Rettungsdienst: Pleitegeier kreisen über dem Gesetz

Magnus Memmeler Foto : Privat

Im letzten Interview  beschäftigte sich Magnus Memmeler mit der Frage, warum es ohne Laufbahnprüfung keine Karrierechancen im Bereich des Rettungsdienstes gibt. Heute nimmt er die Pleite des Dortmunder Anbieters ASB im Lichte des aktuellen Gesetzgebungsverfahrens in den Blick.
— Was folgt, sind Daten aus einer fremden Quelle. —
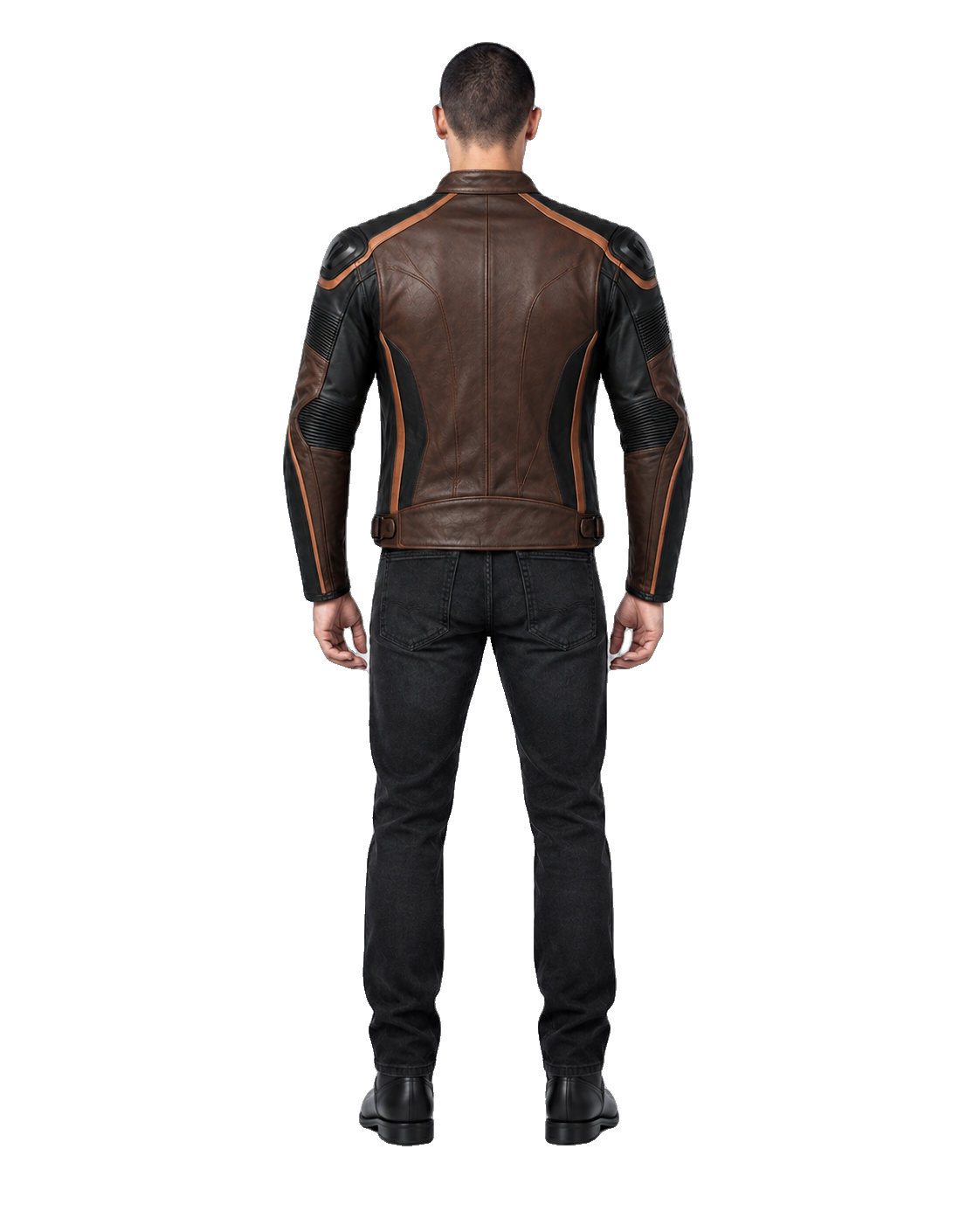 CopperCore R Leather Motorcycle Racing Jacket back view on male model with transparent background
Die Novellierung des Rettungsdienstgesetzes NRW kommt in die entscheidende Phase. In Dortmund gibt eine  Hilfsorganisation seine Zahlungsunfähigkeit bekannt. Zahlreiche Positionspapiere zur Novellierung des RettG NRW und zur Novellierung des BHKG NRW lassen uns erneut nachfragen, ob der Rettungsdienst noch sicher ist.

Ruhrbarone: Am Freitag hieß es: „Dortmund: ASB Regionalverband meldet Insolvenz an“. Zeitgleich stellen sich die Hilfsorganisationen als Rückgrat des Rettungsdienstes und des Bevölkerungsschutzes dar. Wie passt das zusammen?

Memmeler: Zunächst muss ich sagen, dass mich diese Meldung zum ASB auch bewegt, da ich einige handelnde Personen persönlich kenne und ich mir natürlich auch vorstellen kann, wie diese Meldung auf die Mitarbeitenden des ASB wirkt. Durch meine langjährige Tätigkeit im Rettungsdienst der Stadt Dortmund kann ich mir vorstellen, dass diese Meldung zahlreiche Entscheider im Stadtgebiet Dortmund bewegen wird. Schließlich stellt der ASB aktuell Personal für 4 Rettungswagen, 3 Krankenwagen und ein Notarzteinsatzfahrzeug im Stadtgebiet Dortmund und stellt zusätzlich Ressourcen für den Bevölkerungsschutz bereit.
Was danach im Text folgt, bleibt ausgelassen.